**Records for the task**.
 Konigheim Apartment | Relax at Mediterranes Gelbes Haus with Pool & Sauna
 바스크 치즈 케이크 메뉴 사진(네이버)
--
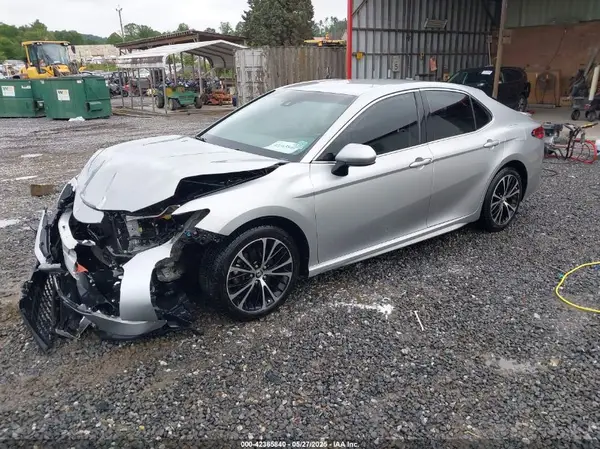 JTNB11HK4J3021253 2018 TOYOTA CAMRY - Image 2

**What this task involves**. Retype only the stretch of lines above starting at the one with "Konigheim Apartment |" and stopping at the one with "바스크 치즈 케이크 메뉴 사진(네이버)", exactly as written, with both kept.

**Result of this task**.
 Konigheim Apartment | Relax at Mediterranes Gelbes Haus with Pool & Sauna
 바스크 치즈 케이크 메뉴 사진(네이버)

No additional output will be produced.